Stored data:
━━━━
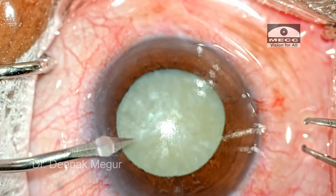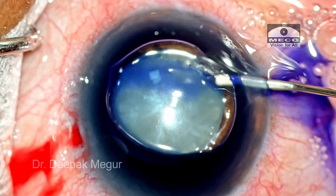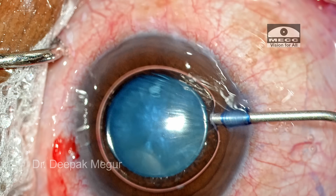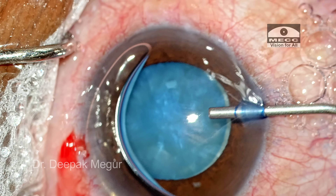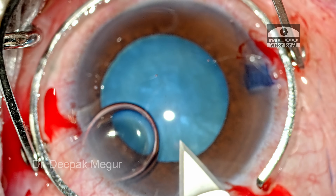As usual we make the side ports, fill the chamber with air, and stain with trypan blue under the air bubble so that we get good staining of the anterior capsule. It is then refilled with dispersive OVD. I am using a mixture of chondroitin sulfate and sodium hyaluronate to maintain the chamber.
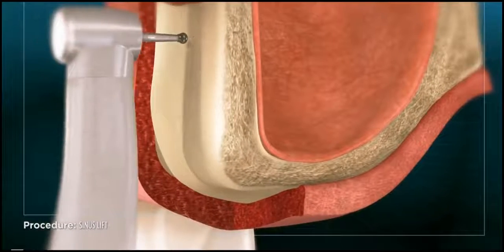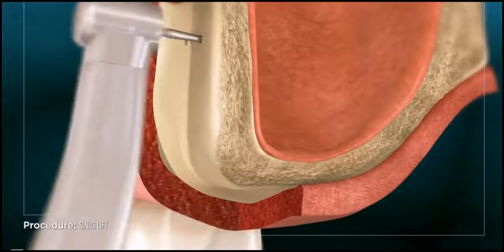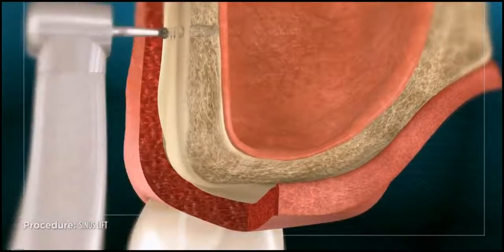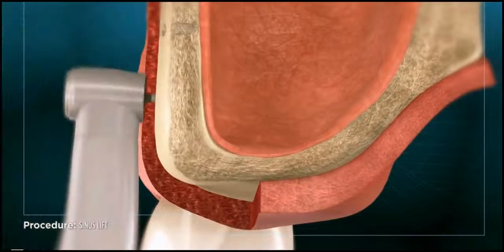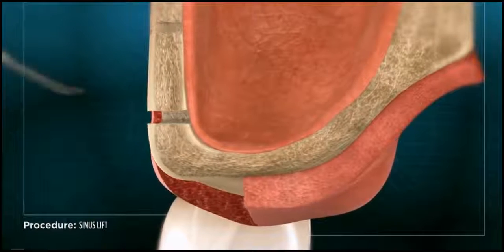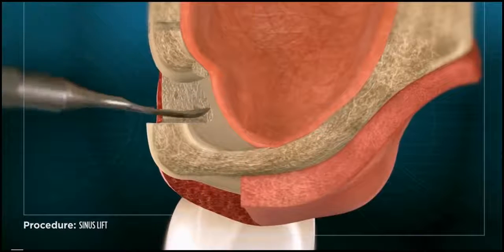A procedure called a sinus lift can be performed to add bone to the area beneath the sinus and make it stable enough to place an implant. This involves first creating an access opening in the area above the missing tooth through which synthetic or sterile harvested bone material can be placed.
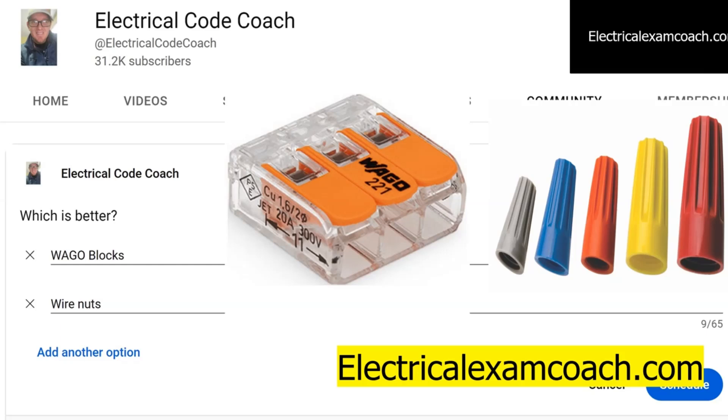You can use them for all different types of scenarios — they're great for switch boxes. And then on the right hand side is the traditional wire nut. I want your opinion: which one do you think is better? I'm not going to give you my opinion. I think each one has its advantages and disadvantages.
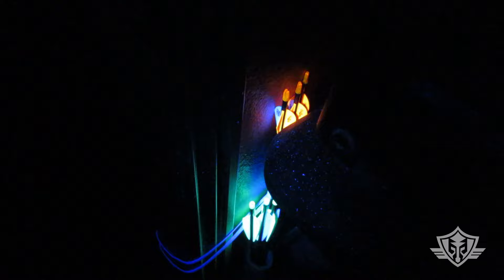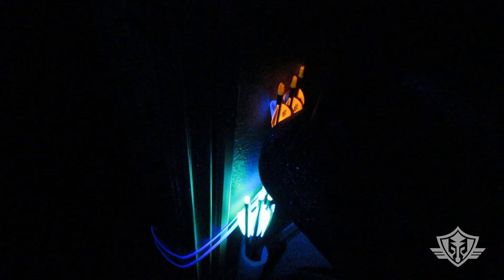Found another good use for this light — finding arrows! Look at those suckers, they just glow so bright. When you hit it direct it just lights right up. This would be nice for finding these things out in the field.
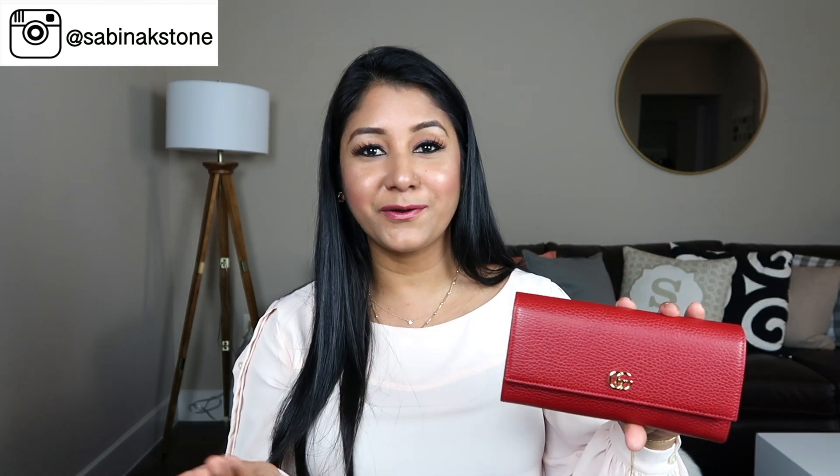The reason I got it in red is that I was thinking to buy a black wallet, but Anna told us that red is good luck in China — it's a Chinese belief that red brings good luck. So my husband said, 'Let's buy the red one so you can have lots of good luck come into your life.' Here is the red Gucci wallet — it's very simple and has a small gold logo.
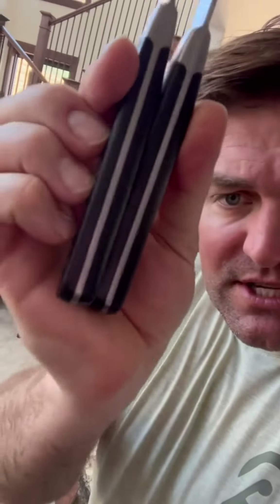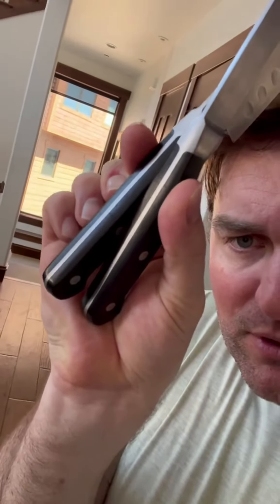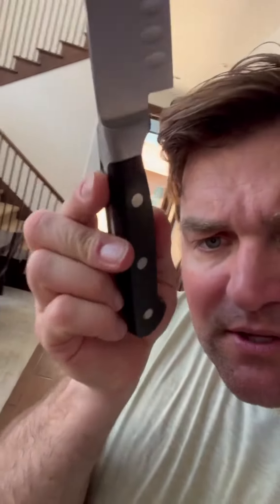I thought the Santokus were going to be the strongest knives, but they're actually the dullest ones. As you can see, they've been through the dishwasher a number of times. Their blades are okay but their handles are cracked — all of these handles are cracked.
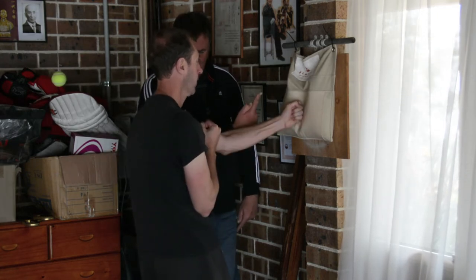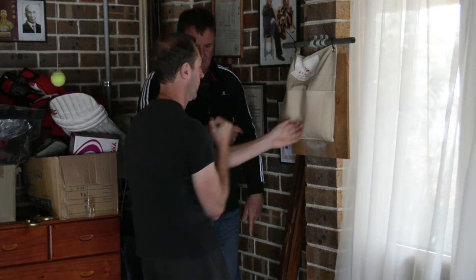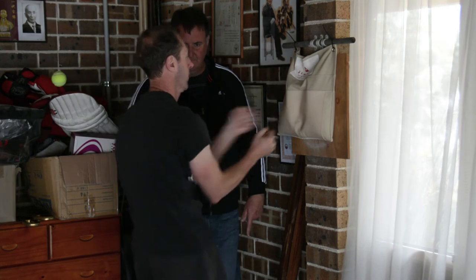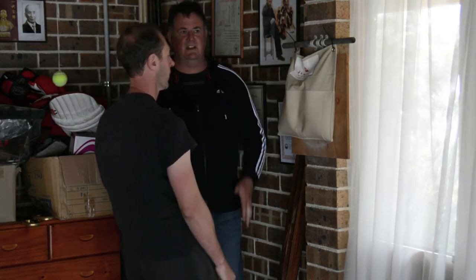As he executes his punch, if he punches square on, he'll then start to move back and forth — that's not correct, because then we haven't got that connection to the ground.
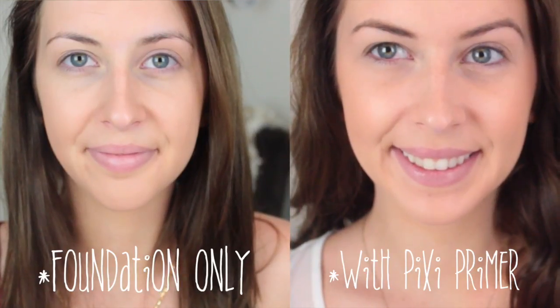Definitely don't wear this by itself because it's kind of shimmery and oily, so if you have oily skin I probably wouldn't recommend this. What I like to do is apply it everywhere I would normally highlight — like my cheekbones and all the usual highlight spots — and then use my fingers to blend it outwards.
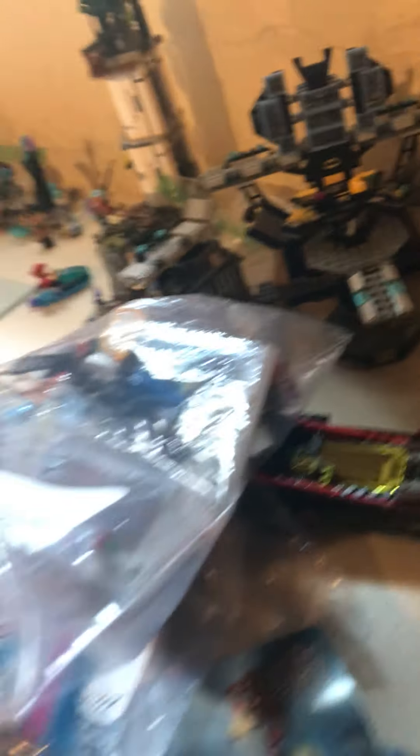Recently I got Batman sets from the yard sale I went to. It was 15 bucks, but all the sets together are like 500. So it's a pretty decent deal. We got the Batcave, Joker's Steamroller, Joker's Car, and the Batwing.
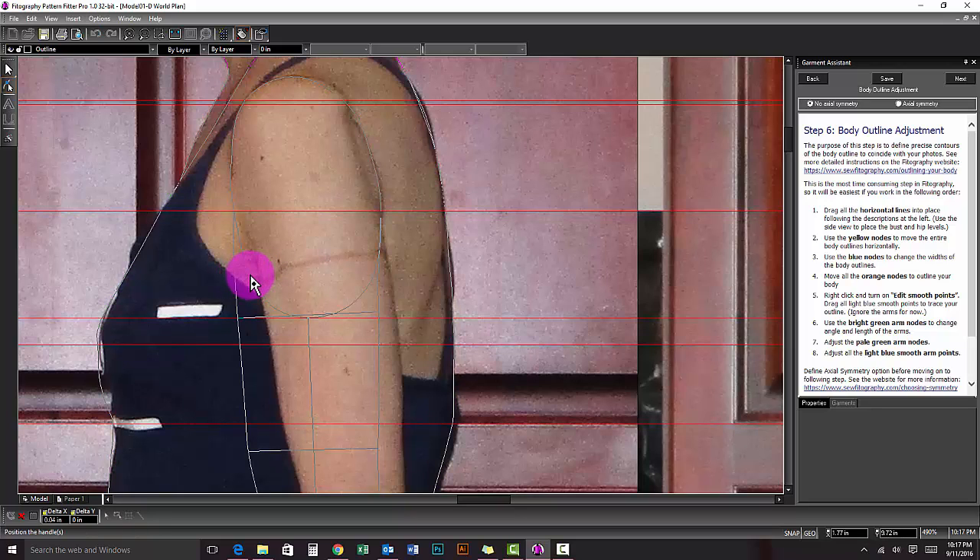Be sure to keep the armhole inside the lines of the arm. Do not follow the armhole of whatever you are wearing.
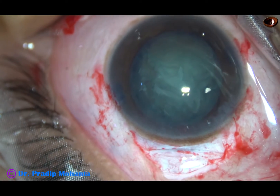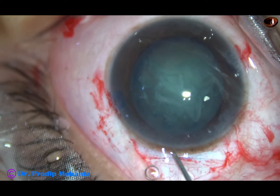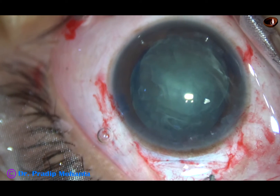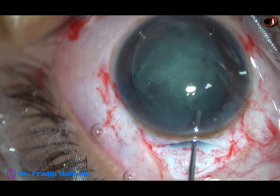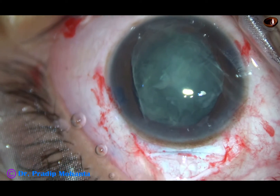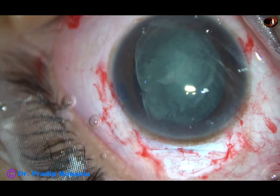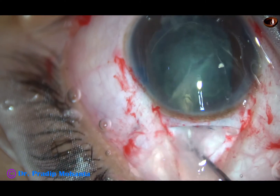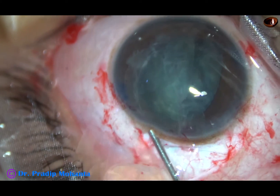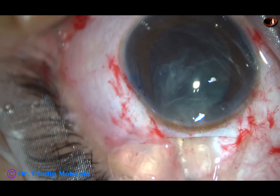So I abandon this idea of prolapsing the nucleus. The nucleus is very soft. Now I do some more hydrodissection very gently, and the equator in the inferior part has prolapsed out of the capsular bag. Now I rotate the nucleus, and the whole nucleus comes out of the capsular bag. My plan is to viscoexpress the nucleus — inject visco and press the posterior wall of the sclerocorneal tunnel — and one heminucleus has come out, and this is the other heminucleus.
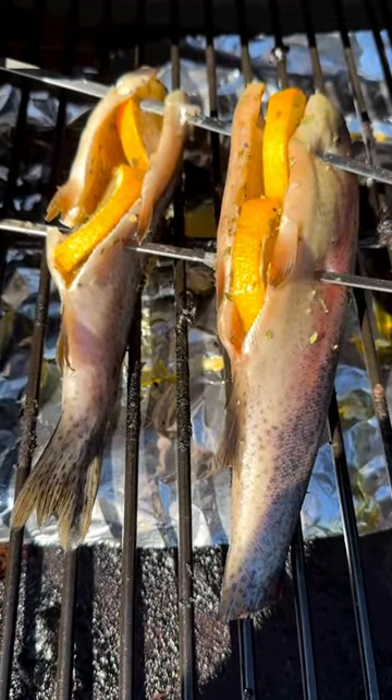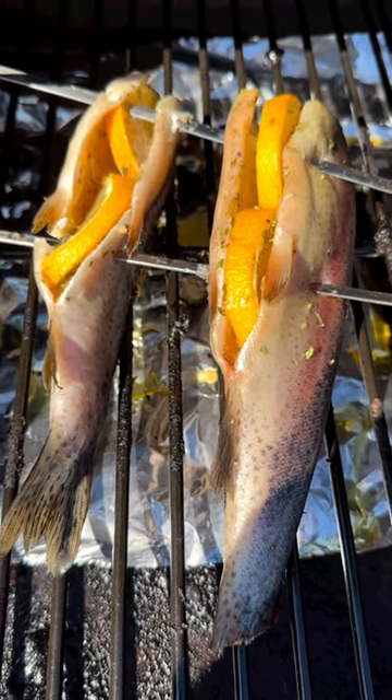A small adjustment — I realized they were touching each other. Can't have that. You want the smoke to get all the way around all of it.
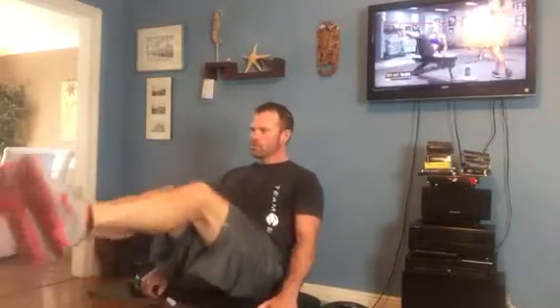Let's take a look — look at these awesome abs. You can't wish for abs like that. You have to work for abs like that. She knows what it takes. She's squeezing, she's working now.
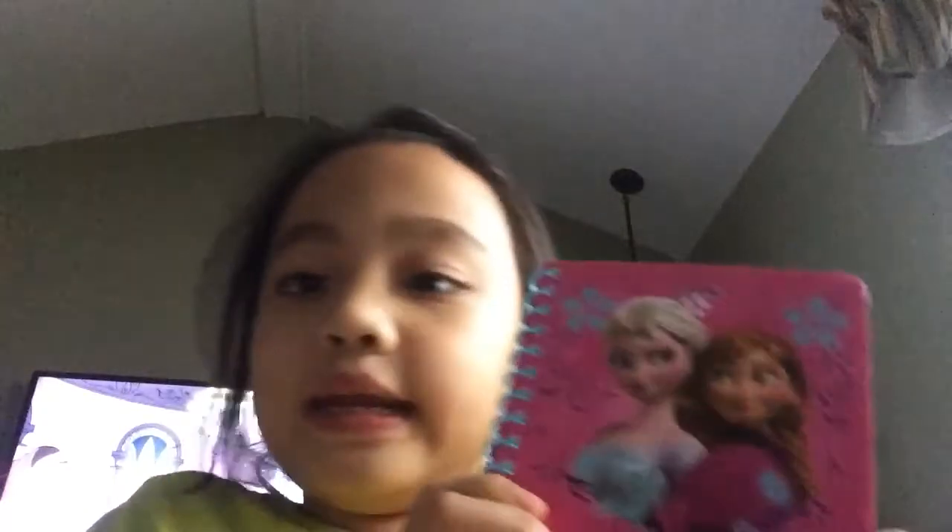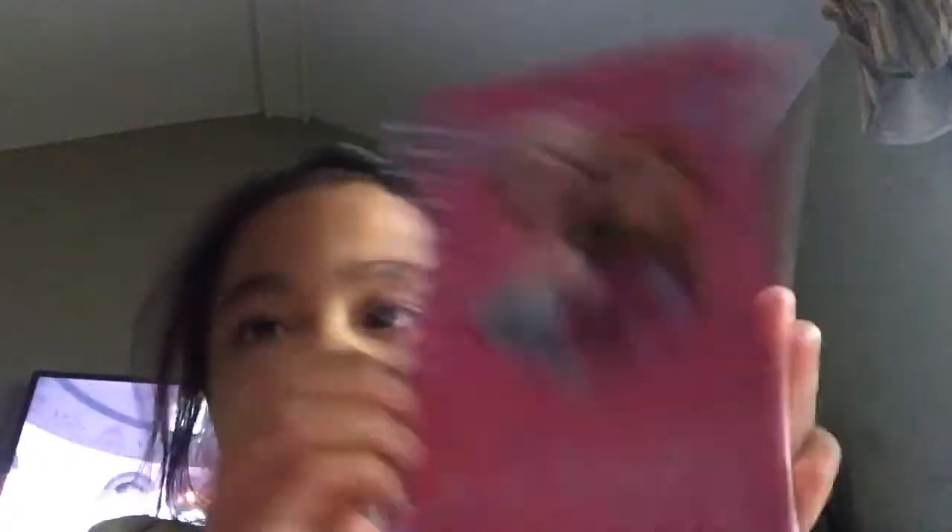First, let's get out the actual notebook. Here it is — it's very tiny. And yeah, there are 60 pages. You can put the date anywhere you like.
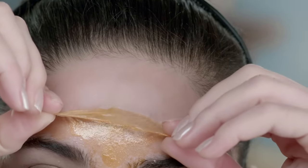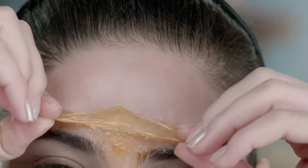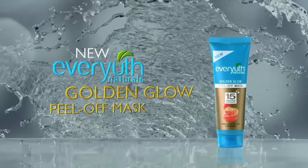Then, peel from the top of the forehead downward. Loosen the mask from the sides and continue to peel. 15 minutes and I'm good to glow with Evayouth Naturals Golden Glow Peel Off.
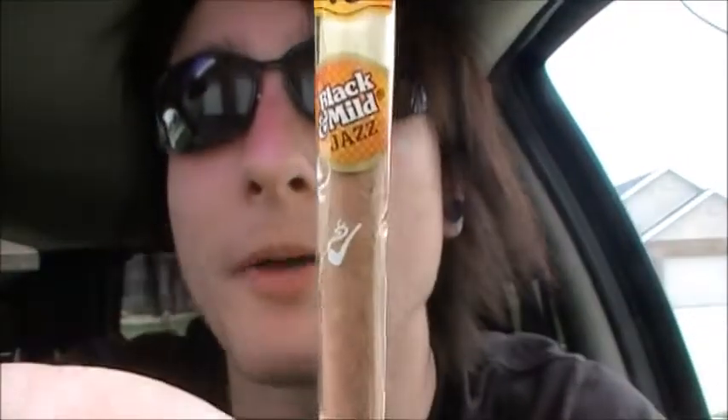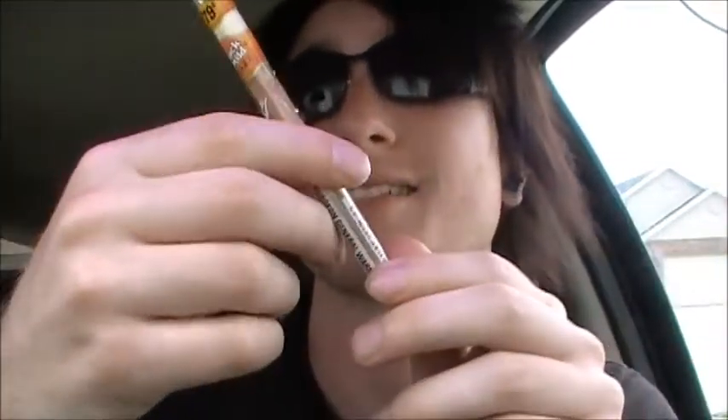Basic pack design — you get a little pipe right there. Black and Mild Jazz, 79 cents. You get the Surgeon General warning on there. That's it for the pack design; not much there at all.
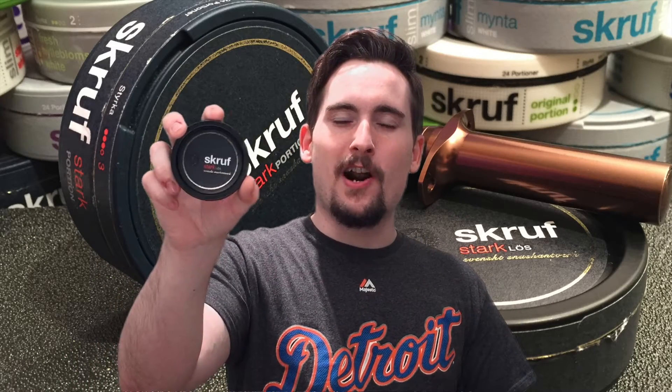Hey everybody, how's it going? This is Matt from SnoozeCentral.org and SnoozeTV.com. Today we're actually going to be looking at a loose snus. You guys know how much I love this brand and I'm excited to tell you about this one. I love this loose. So let's go ahead and take a look at Scroof Stark Ecological Loose.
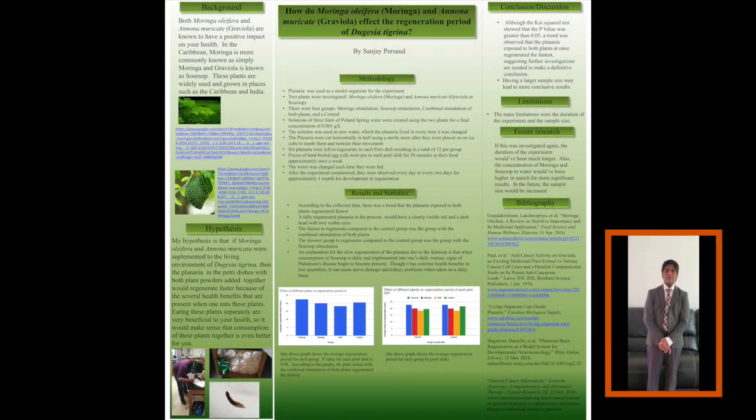Hi, my name is Sanjay Prasad and for my experiment I chose to investigate the effects of Moringa olifera and Annona muricata on the regeneration period of Dugacea tigrina. First we have to know what Dugacea tigrina is. Dugacea tigrina is otherwise known as brown planaria. Brown planaria is a flatworm that lives in fresh water and is known for its ability to regenerate.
━━━━
Task item
The reply should hold the entries above from the line with "Found another good" to the line with "Definitely don't wear", duplicated exactly, pictures excluded.

Answer to this problem
Found another good use for this light — finding arrows! Look at those suckers, they just glow so bright. When you hit it direct it just lights right up. This would be nice for finding these things out in the field.
The reason I got it in red is that I was thinking to buy a black wallet, but Anna told us that red is good luck in China — it's a Chinese belief that red brings good luck. So my husband said, 'Let's buy the red one so you can have lots of good luck come into your life.' Here is the red Gucci wallet — it's very simple and has a small gold logo.
I thought the Santokus were going to be the strongest knives, but they're actually the dullest ones. As you can see, they've been through the dishwasher a number of times. Their blades are okay but their handles are cracked — all of these handles are cracked.
As he executes his punch, if he punches square on, he'll then start to move back and forth — that's not correct, because then we haven't got that connection to the ground.
Definitely don't wear this by itself because it's kind of shimmery and oily, so if you have oily skin I probably wouldn't recommend this. What I like to do is apply it everywhere I would normally highlight — like my cheekbones and all the usual highlight spots — and then use my fingers to blend it outwards.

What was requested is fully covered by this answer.